What you will do> Among the lines below, output only those between the line holding "7405 Mesa Verde" and the line holding "Two metallic lighters", inclusive, exactly as written and with no pictures.

Data to process>
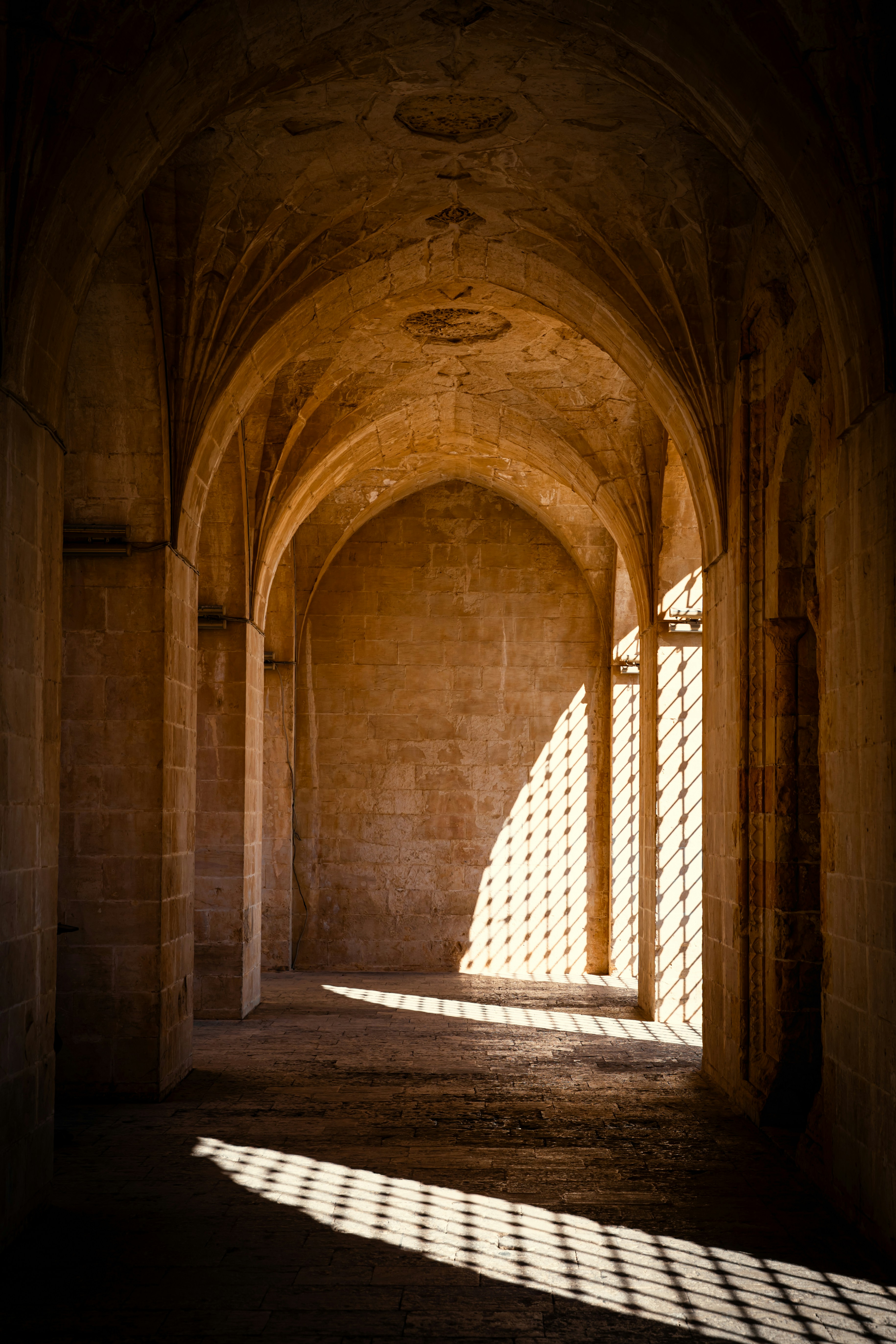 Sunlight streams through a patterned window into an arched hall.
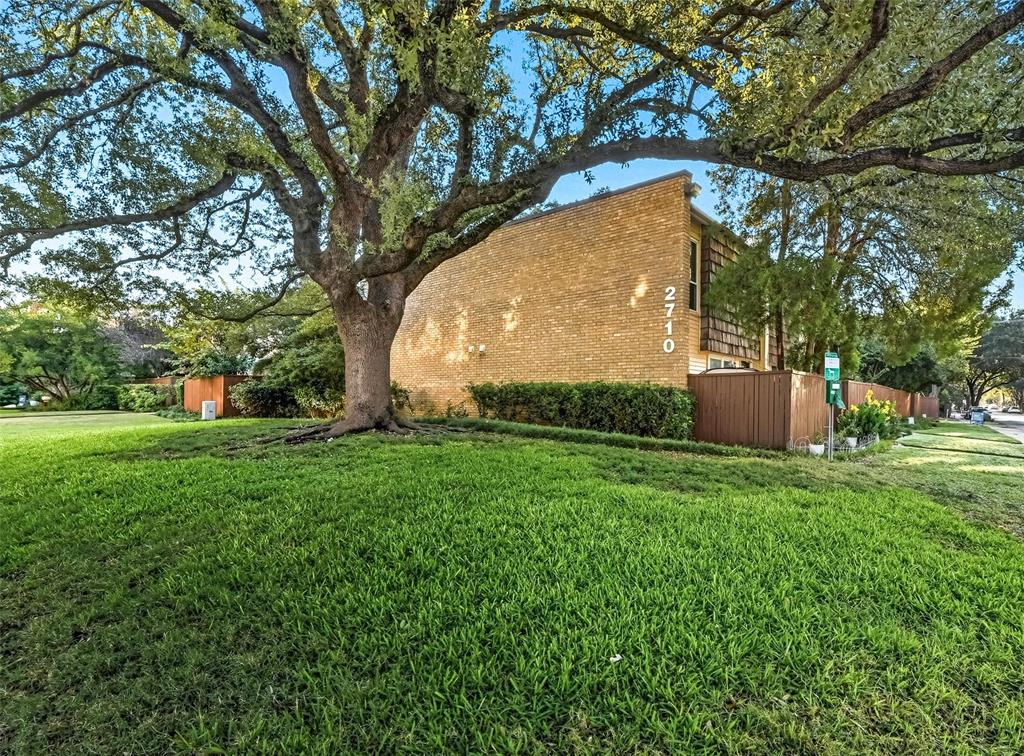 2702 Douglas Avenue, Unit 121 Dallas, TX 75219 - Photo 2 of 34 a view of a back yard
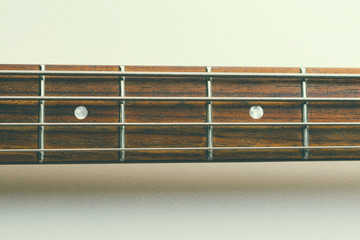 Frets on bass guitar. Close up. Vintage old retro bass in studio. Warm soft style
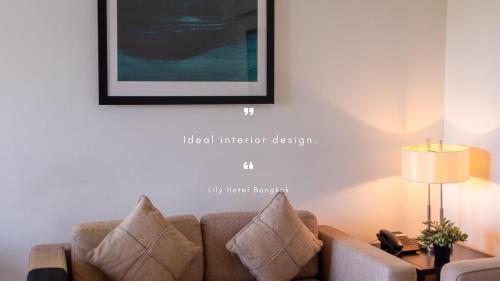 a living room with a couch and a picture on the wall at Lily Hotel Bangkok in Bangkok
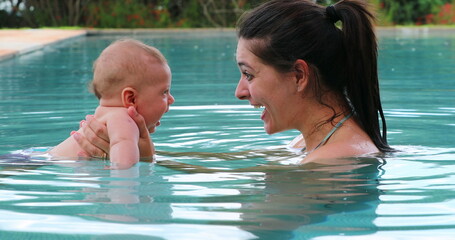 Wall Mural - Mother holding baby son inside swimming pool water interaction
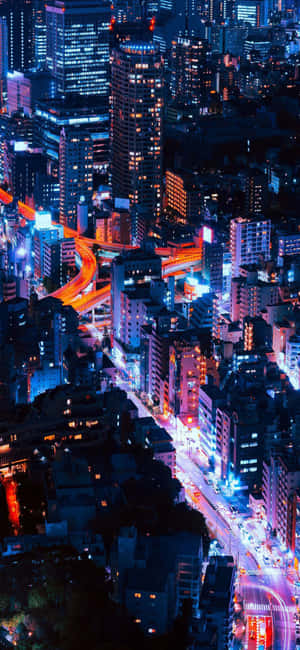 繁忙霓虹城市的夜晚航拍，發光的建築和車流。 — 沙灘 壁紙
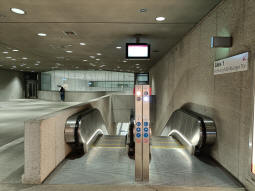 Escalators down to the westbound one of the northern platforms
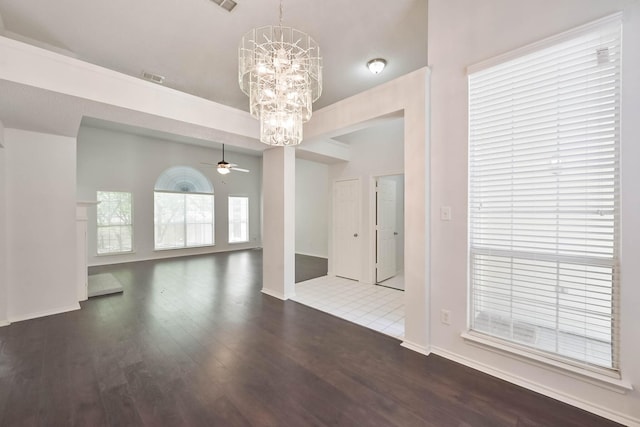7405 Mesa Verde Trl, Fort Worth, TX 76137 - empty room featuring a chandelier, ceiling fan, wood finished floors, and baseboards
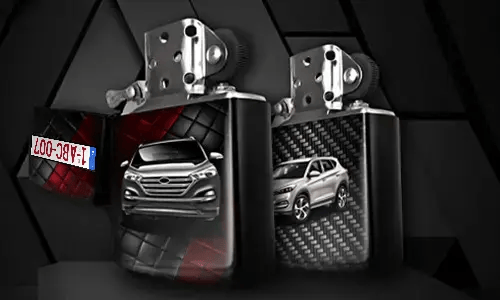 Two metallic lighters with silver SUV designs: one front view on tread background, one side view with carbon texture, small rectangular object in corner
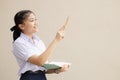 Asian school uniform teen girl hand show present bring image idea imagine concept happy smile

Task response>
7405 Mesa Verde Trl, Fort Worth, TX 76137 - empty room featuring a chandelier, ceiling fan, wood finished floors, and baseboards
 Two metallic lighters with silver SUV designs: one front view on tread background, one side view with carbon texture, small rectangular object in corner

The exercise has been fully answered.